TASK BRIEF: Pictures are to be left out, and only the lines below starting at the one with "Setae des Sternsetenpilzes" and ending at the one with "秀丝顿中药头疗改善头油大，头痒，脱发，乌发等功效。" are to be reproduced, each exactly, both ends included.

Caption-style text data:
◆ ◆ ◆ ◆
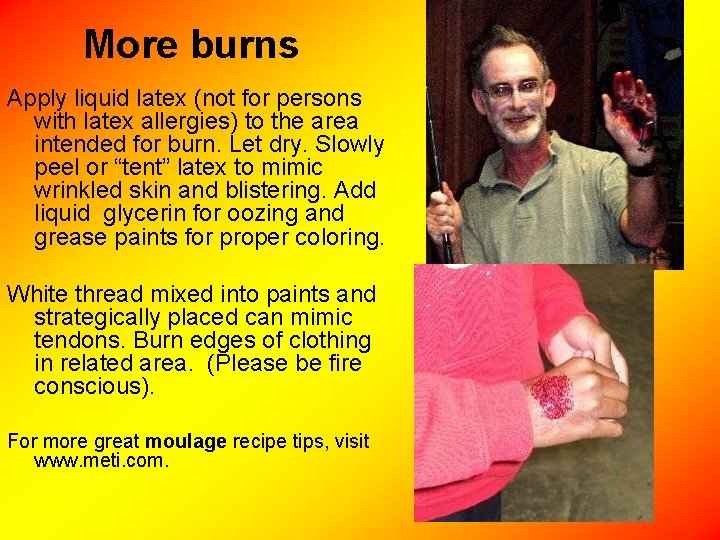 More burns Apply liquid latex (not for persons with latex allergies) to the area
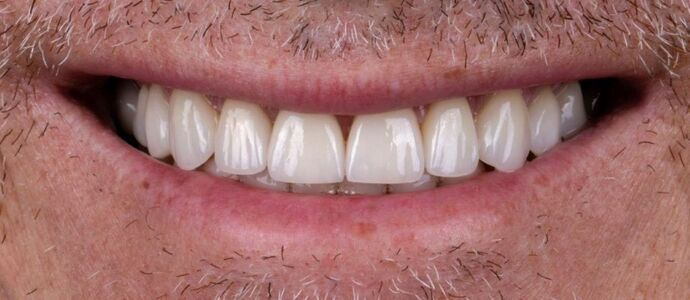 Smile Makeover & Veneers: Theo - After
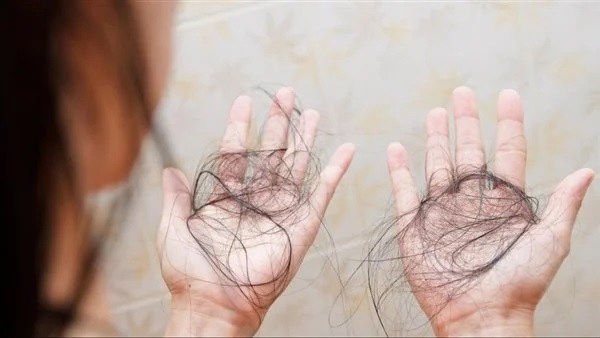 3 طرق سحرية للتخلص من تساقط الشعر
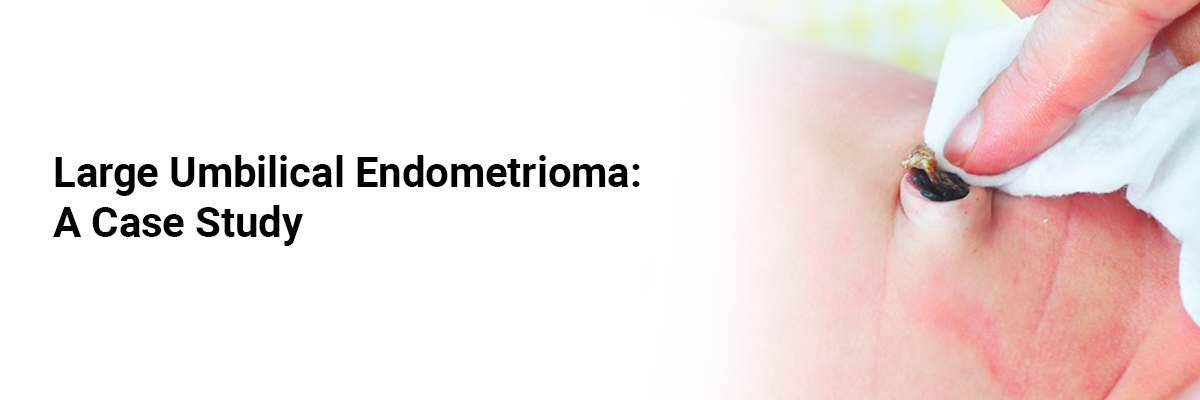 Large umbilical endometrioma: A case study
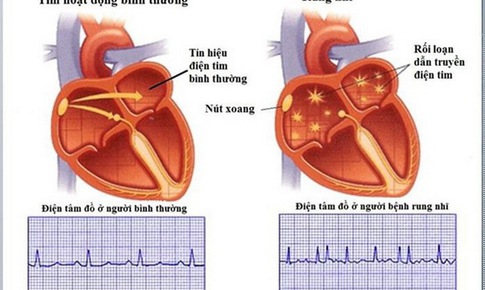 Đề ph&#242;ng đột quỵ do rung nhĩ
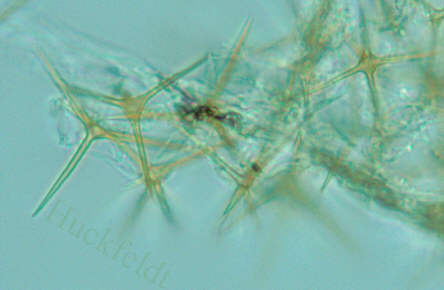 Setae des Sternsetenpilzes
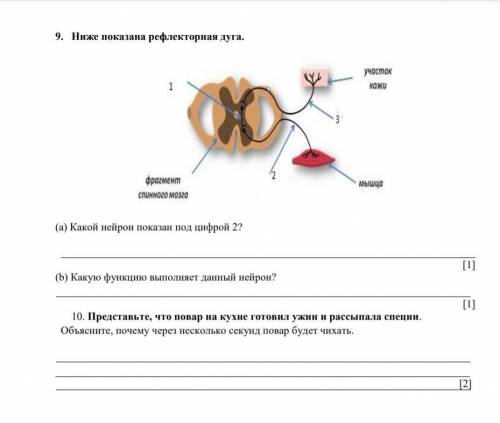 1. (а) Определите органы выделения жука и собаки. Жук Собака A. Антеннальные почки Мочеточники B. По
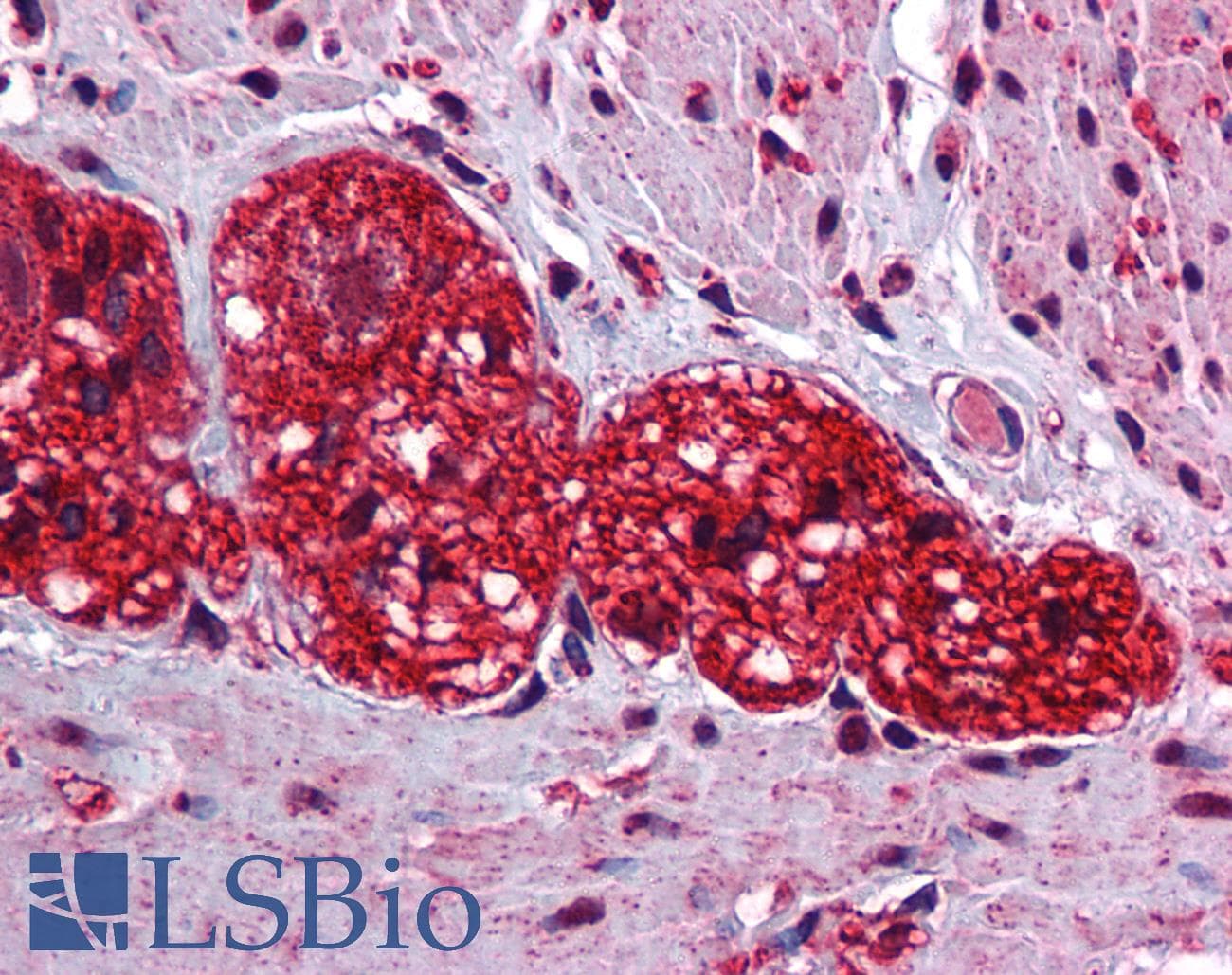 Polyclonal Rabbit anti-Human SOX6 Antibody (C-Terminus, IHC, WB)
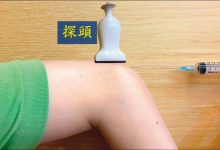 手肘后侧红肿痛 鹰嘴突滑囊炎上身-资源分享网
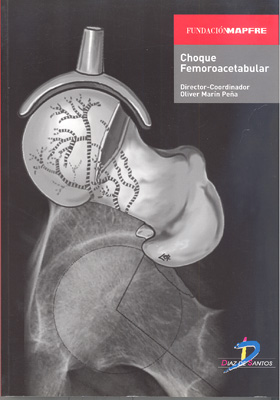 Choque femoroacetabular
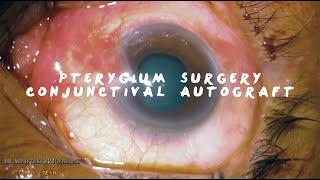 MIIQ 97 Pterygium Surgery Conjunctival Autograft with Sutures  DR MD IFTEKHER IQBAL RAJU [upl. by Kellby]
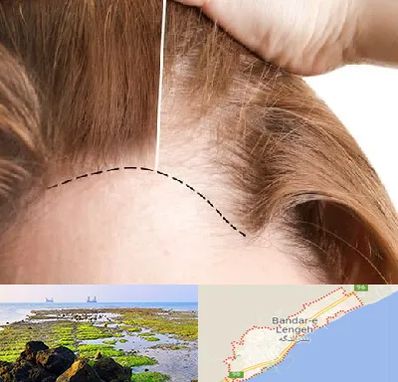 کاشت مو برای خانمها در بندرلنگه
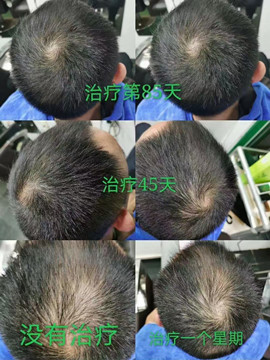 秀丝顿中药头疗改善头油大，头痒，脱发，乌发等功效。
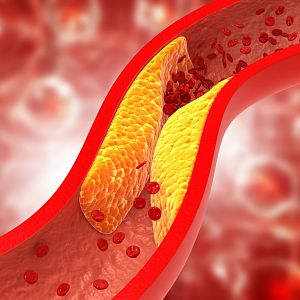 Vida sana con Julio Basulto - Gente Despierta - Todo lo que debes saber sobre el colesterol - Escuchar ahora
◆ ◆ ◆ ◆
SOLUTION TO THE PROBLEM:
 Setae des Sternsetenpilzes
 1. (а) Определите органы выделения жука и собаки. Жук Собака A. Антеннальные почки Мочеточники B. По
 Polyclonal Rabbit anti-Human SOX6 Antibody (C-Terminus, IHC, WB)
 手肘后侧红肿痛 鹰嘴突滑囊炎上身-资源分享网
 Choque femoroacetabular
 MIIQ 97 Pterygium Surgery Conjunctival Autograft with Sutures  DR MD IFTEKHER IQBAL RAJU [upl. by Kellby]
 کاشت مو برای خانمها در بندرلنگه
 秀丝顿中药头疗改善头油大，头痒，脱发，乌发等功效。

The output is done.